Das ein Medikationsplan hilft, darüber besteht weitgehend Einigkeit. Allerdings gebe es bislang wenig Studien, die einen Nutzen des Medikationsmanagements belegen, der über den persönlichen Nutzen für den Patienten hinausgehe, räumte Schaefer ein. Das habe auch ethische Gründe, den Versicherten könnte in einer Vergleichsstudie eine sachlogisch bessere Leistung nicht vorenthalten werden. Dennoch frage die Politik zu recht, wo der Nutzen sei.
Tatsächlich sieht Schaefer in dem geplanten Medikationsplan – einer reinen „Auflistung“ ohne Beteiligung der Apotheker – keine großen Vorteile. Denn die Ärzte seien bei der Prüfung auf AMTS relativ hilflos. Was die softwaregestützte Arzneimittelprüfung angeht, sind die Ärzte aus ihrer Sicht weit hinterher.
Aus Schaefers Sicht muss zunächst dem Patienten verständlich gemacht werden, warum ein Medikationsmanagement nötig ist.
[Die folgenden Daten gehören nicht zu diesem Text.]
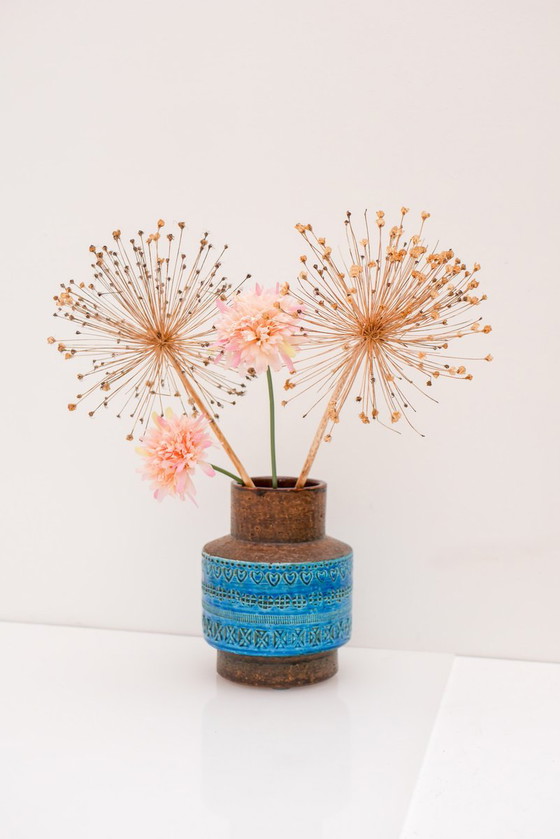 Vintage Rimini Blue Ceramic Vase by Aldo Londi for Bitossi, Italy, 1960s – Mid Century Modern (photo 4 of 12)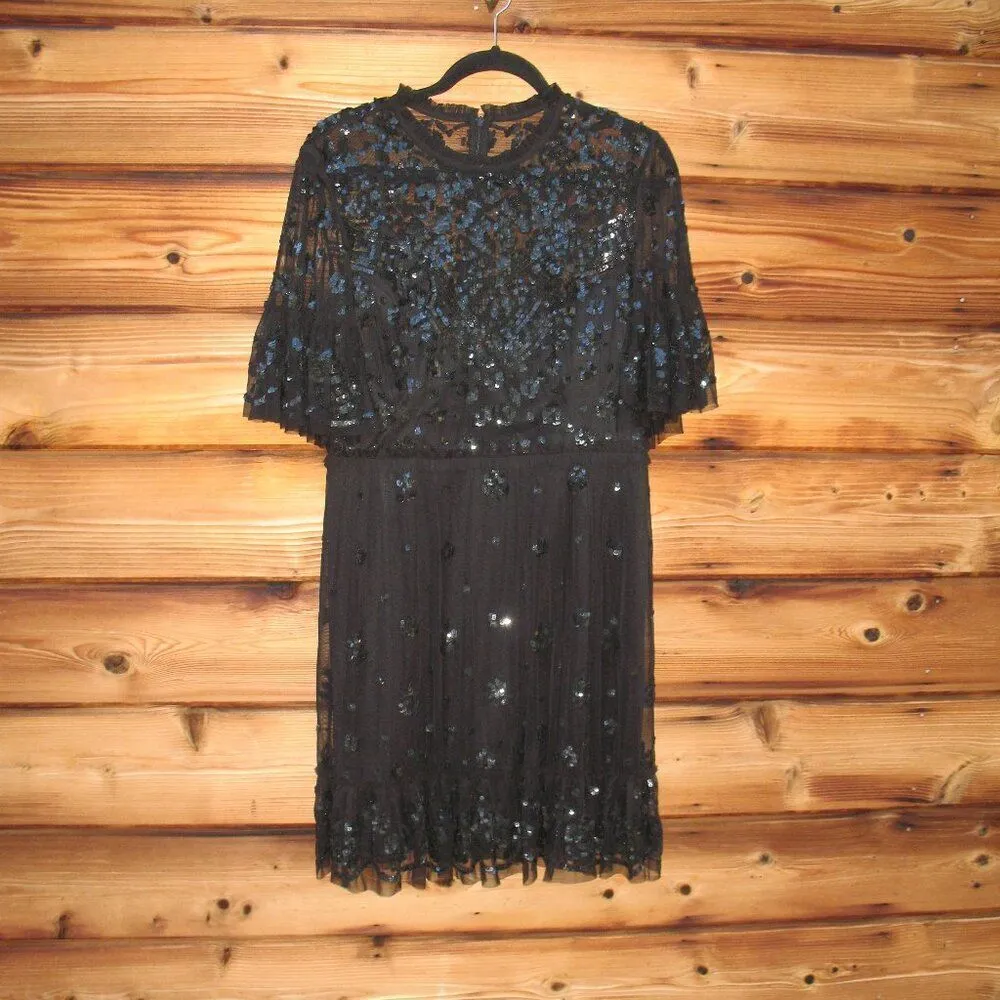 MAC DUGGAL 9143 Womens Black Embellished Illusion High Neck Mini Dress - Image 6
Allerdings: „Ärzte haben dafür keine Zeit, und für die Apotheker ist es auch nicht wesentlich einfacher.“ Sie betonte, man komme nicht darum herum, selbst an die Patienten heranzutreten.
Das fehlende Problembewusstsein bei den Patienten kennt Belgardt aus der Praxis: Es gebe weniger als zehn Patienten, die einen Plan wollten – aber er habe mindestens einmal am Tag Zweifel, ob die Medikation richtig verstanden worden sei.
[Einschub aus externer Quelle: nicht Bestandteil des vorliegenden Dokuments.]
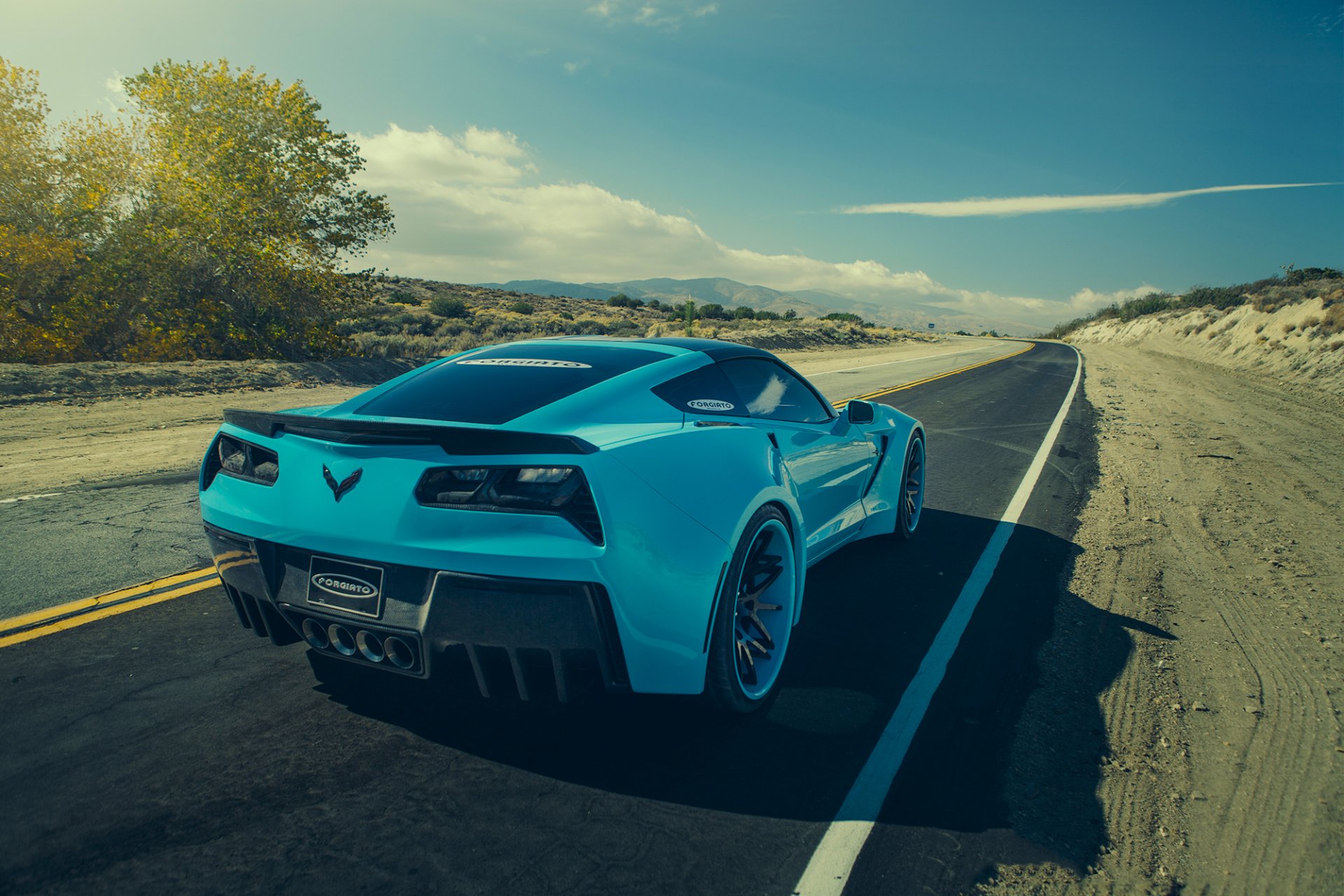 chevrolet corvette c7 stingray forgatio blue rear car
Tim Steimle, Apotheker bei der Techniker Krankenkasse (TK), betont mit Blick auf den Arzneimittel-Coach der Kasse, dass Apotheker eine wichtige Rolle bei der Beratung spielten. 80 Prozent der Patienten befürworteten die Einbindung der Apotheker. Das bedeute aber nicht, dass sich auch 80 Prozent in der Apotheke beraten lassen wollen. „Der Vorteil wurde noch nicht ausreichend deutlich gemacht“, findet auch Steimle.
An dem TK-Coaching selbst würden nur etwa 30 Prozent der angeschriebenen Patienten teilnehmen. „Nicht jeder ist davon überzeugt, dass es ein Problem gibt.“ Das bestätigt Steimle in seiner Haltung, die Fallzahlen klein und die Intervention möglichst zielgenau zu halten. Er habe die Sorge, dass, wenn wie geplant schon ab drei Medikamenten Anspruch auf einen Medikationsplan besteht, dieser dann meistens doch nicht angewendet wird.
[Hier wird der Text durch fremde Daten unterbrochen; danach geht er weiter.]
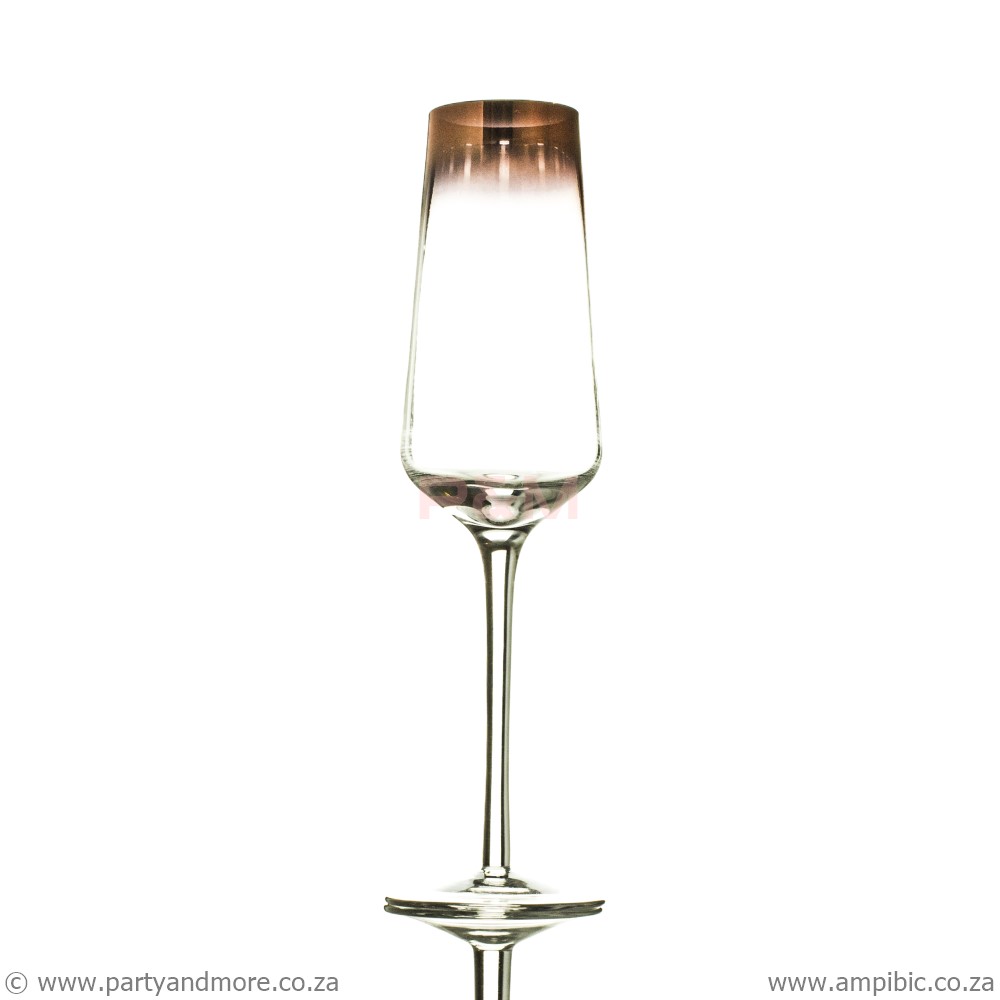 Champagne Glass Rose Gold rim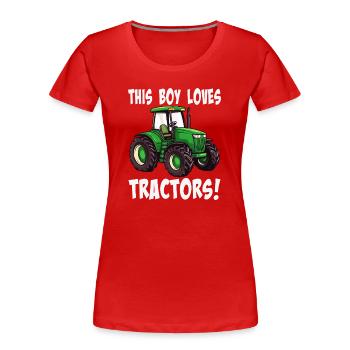 Dieser Junge liebt Traktoren - Frauen Premium Bio T-Shirt - Rot - Vorne - Mia (176cm)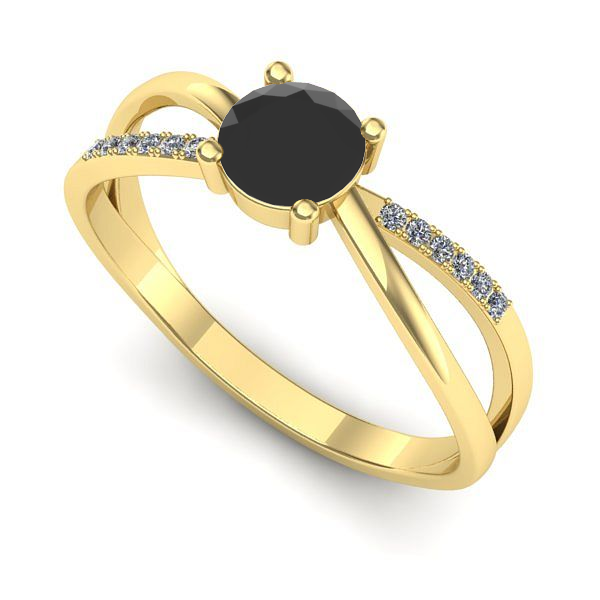 Inel de logodna din aur galben cu diamant negru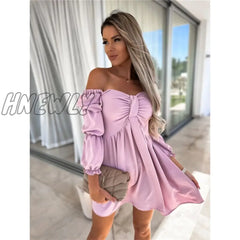 Hnewly Summer Womens Sexy Off Shoulder Half Sleeve Mini Dress Solid Party One Slim Bow Fashion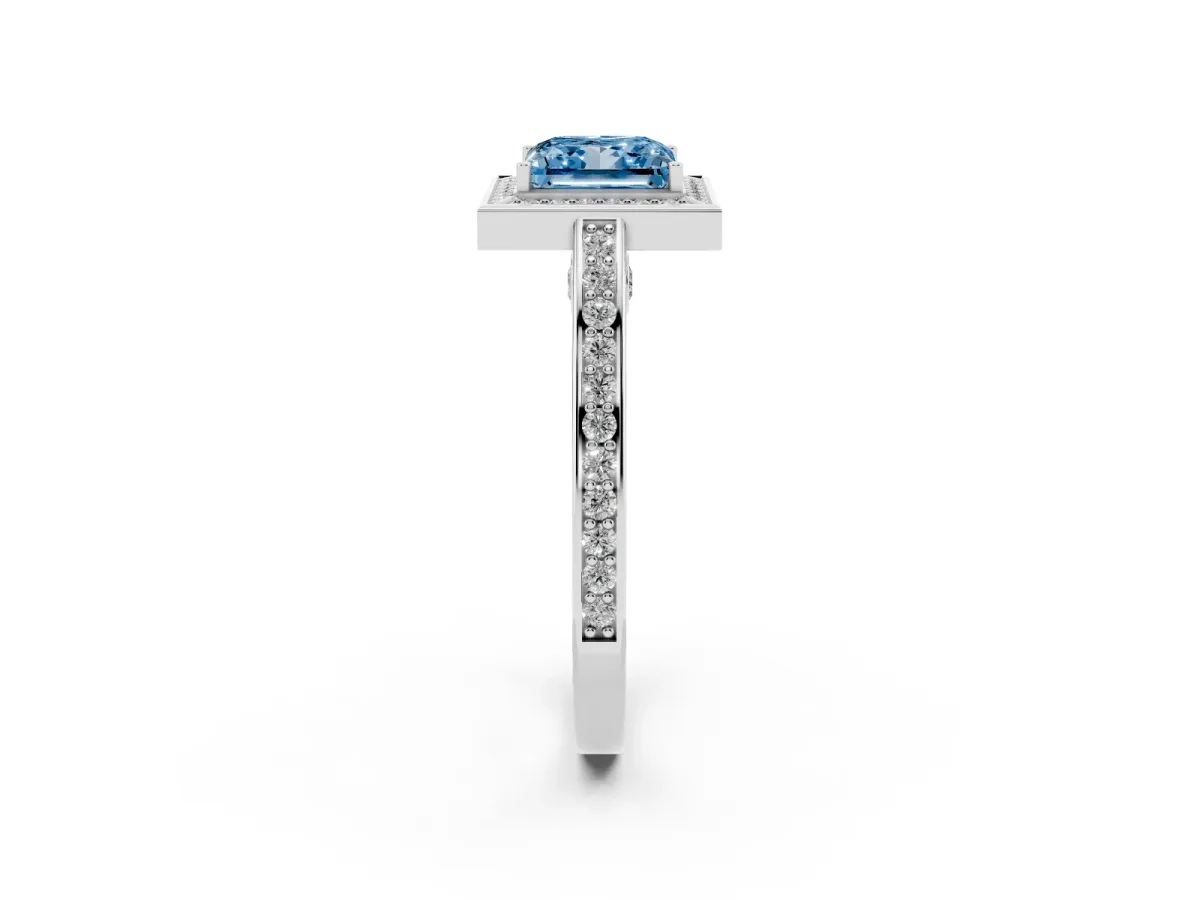 Fancy Blue Princess Cut Cut Halo Pave Split Shank Prong Setting Ring Silver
Steimles Ziel ist es, in den kommenden Jahren herauszufinden, was das Medikationsmanagement bringt und wem es nützt. Dann könne man es denjenigen anbieten. Die Leistung „mit der Gießkanne“ zu vergeben, hält er hingegen nicht für angemessen.
Belgardt will AMTS in den Alltag integrieren. „Wir könnten es heute machen, auch wenn wir kein Extra-Geld bekommen und wir dieses Geld eigentlich bräuchten.“ Trägheit und mangelnde Belohnung seien die Gründe, dass sich das Medikationsmanagement noch nicht durchgesetzt habe. Die Kammer wolle sich dem Thema aber weiterhin widmen und dafür auch einen Mitarbeiter einstellen.
Loskill zeigte sich überzeugt, dass Patienten auch bereit wären, für die Leistung zu zahlen – „wenn man ihnen klar machen kann, dass es ihnen etwas bringt“. Genau an dieser Stelle sieht Kantelhardt aber das Problem: Der Patient merke nur, wenn etwas passiere – das verhindere die Apotheke aber, so das der Patient gar nichts mitbekomme. Aus ihrer Sicht muss es zunächst Belohnung genug sein, den Patienten mit einem Benefit aus dem Krankenhaus gehen zu sehen – zumindest am Anfang.